You arrive at a crime scene and are told the body of the victim is in the 10 m deep pool. You walk over to what you are told is a 12 m in diameter, cylindrical pool. From the outside of the pool, you can see that the body looks badly burnt. Your partner says, “It looks like our victim had been burned alive and tried to put out the fire by jumping in the pool. The victim likely drowned to death.” Something does not sit right with you though. If there was a fire, where did it start? There are no signs of combustion anywhere. You aren’t so sure and ask the crime scene investigator to run a sample of the pool water before letting anybody try to pull the body out.
The CSI comes back to you and tells you that normal pool water pH is roughly around 7.2, but the pool pH is actually highly basic at a level of 13 with a concentration of hydroxide ions at 1.0 x 10-1 mol/L. It becomes obvious to you that the body wasn’t burned before going in to the pool , but AFTER and there was no fire needed!

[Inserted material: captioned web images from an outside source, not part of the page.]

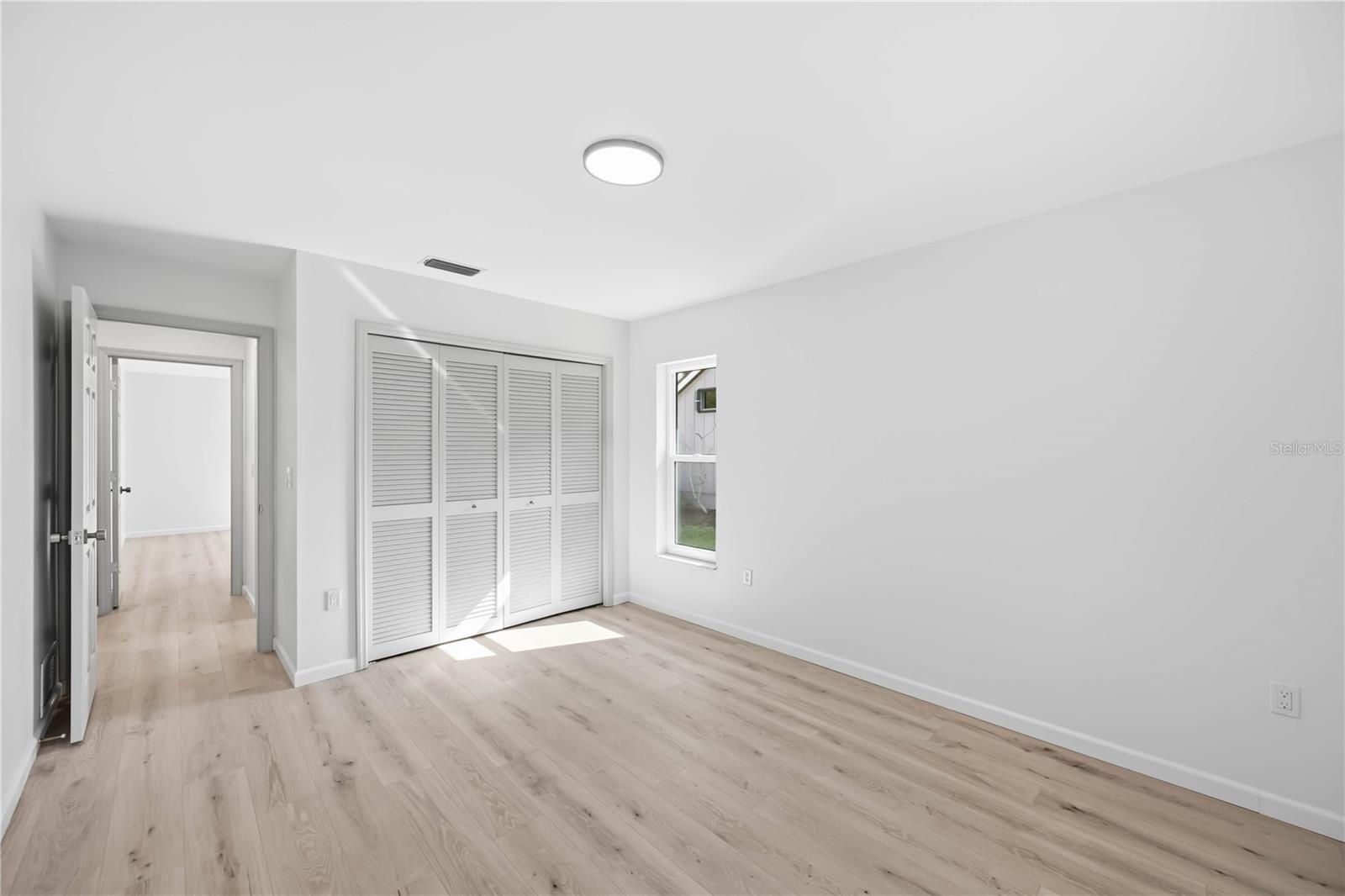 LAKES ESTATES 3 OF SARASOTA - Residential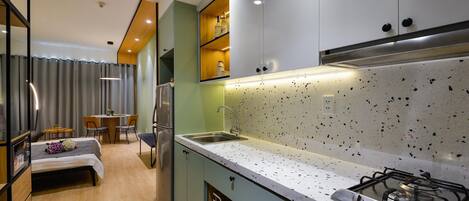 Comfort Apartment, City View | Private kitchen | Fridge, microwave, stovetop, cookware/dishes/utensils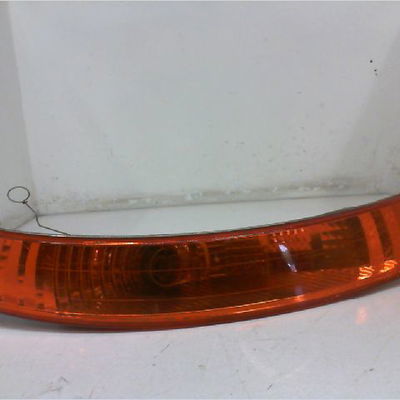 Clignotant droit Renault TRAFIC II Autobus-Autocar (JL) 1.9 dci 100 (jl0c) (2001-2006)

You order the body to be removed from the pool, but the CSI interjects, “It would be too dangerous with a pH that high. I suggest you get some vinegar from the store and pour it in to the pool before hand to drop the pH to 7. Draining the pool would take far too long and we need to examine the body as soon as possible.” She asks one of your constables to go to the store to purchase 5 – 4L jugs of vinegar (pH = 2) to pour in the pool, as she states it is enough to bring the pH to a safe level of 7.
It sounds like it could be enough vinegar based on your knowledge of acids and bases, but you want to double-check her estimate before sending your constable to the store. Verify whether or not she is correct using calculations. A diagram may help you with your calculations.